Fall 2014 · Vol. 43 No. 2 · pp. 272–274
Book Review
For a Church to Come: Experiments in Postmodern Theory and Anabaptist Thought
Peter C. Blum. Harrisonburg, VA: Herald, 2013. 177 pages.
For a Church to Come is a collection of essays, all previously published separately, by Peter Blum, Professor of Philosophy and Culture at Hillsdale College in Michigan. Each chapter is an exercise in what Blum calls an experiment: trying something out, uncertain of what it will produce. He asks, What happens to Anabaptist thought when it converses with postmodern theory? The theoretical voices that help him think through these experiments—and would aid the continuous reflection on their meaning for the Anabaptist-Mennonite tradition—are Foucault, Derrida, and Levinas. As a series of genuine experiments, each essay attempts to put some dimension of Blum’s own tradition at risk—peace, patience, family, foot washing—by taking up a writer who unsettles its accepted meaning. Specifically, Blum wonders how the Mennonite proclivity for “a certain Christocentric ‘will-to-community’ ” might be affected if it was not just a habit of mind but a continuous reflection on the extent to which Mennonite communities are genuinely open to being surprised by the waywardness and individuality of its members.

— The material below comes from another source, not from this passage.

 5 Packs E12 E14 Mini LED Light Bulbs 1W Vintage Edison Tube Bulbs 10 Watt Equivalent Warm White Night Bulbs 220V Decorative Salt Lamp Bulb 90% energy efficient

Like most collections, this one has no overarching argument that lends it coherency. Blum is unapologetic about the “frustrating” nature of this wandering and somewhat disjointed style. The organization matches the approach and in this way forms an implied argument: theological claims {273} are essays—trials, tests—and should reflect the contingency of the process by which they emerge. Also implied is the flip side to this argument: answering challenges put to theological claims—and their concomitant social practices—are not attempts to solve their problematic nature. Ecclesiological claims and the liberal individualism that criticizes them are not opposed but held together in pregnant tension. One helpful contribution of For a Church to Come is a healthy suspicion of using “church” or “community” as foundations for addressing theological and social problems. The riskiness of Blum’s method and analysis foregrounds both what’s at stake as well as what can be gained in relinquishing foundations in favor of tension. In short, the unpredictability and uncertainty of Blum’s experiments mark the book’s coherency and argument. The poetic and confessional interludes and epigraphs from figures as diverse as Bob Dylan, Tool, Music Machine, and Walker Percy give it an added disorienting quality, which experientially underscores his theology.
If there is one theologian who gives Blum’s theology an orientation it is John Howard Yoder. Several essays refer to Yoder explicitly, and Blum concludes the book with an appendix entitled, “Some Personal Reflections on John Howard Yoder,” where he outlines Yoder’s importance as both a friend and academic conversation partner. The chapters on Foucault and Derrida bring each thinker side by side with Yoder in order to understand the aspects of their work—genealogy, différance—that resonate theologically. But this is not to say that Blum uses Yoder—or theologians generally—as the interpretive basis for his thinking about postmodern concepts or philosophers. In chapter 7, “Two Cheers for an Ontology of Violence: Reflections in Im/Possibility,” he hesitates to make Milbank’s articulation of an ontology of peace the basis for Anabaptist-Mennonite nonviolence and instead reflects on the way deconstruction and its insistence on the unavoidability of violence—the very thing Milbank’s ontology claims to overcome—helps make nonviolence possible. Though Yoder gives Blum’s theology some familiarity and location, his is not a privileged voice. Blum’s treatment of philosophers and theologians is evenhanded and measured without reducing anyone to ciphers or spokespersons.
The book is helpful for anyone interested in theology and philosophy, especially for theologically minded readers interested in learning more about the complex ideas of theoretical thinkers. Indeed, Blum’s explanations and interpretations can function as a theologian’s introduction to postmodern philosophy. As a book that is “mainly about church,” it is instructive as a gesture of genuine receptivity—not just welcoming and tolerating divergent voices but bringing them to bear on some dearly held ideas and practices. Its presentation as well as its content convey this receptivity: the book is a performance of the openness Blum sees as the primary {274} characteristic of the church “as a voluntarily gathered local group of persons committed to being disciples of Jesus together, to being mutually accountable to each other.”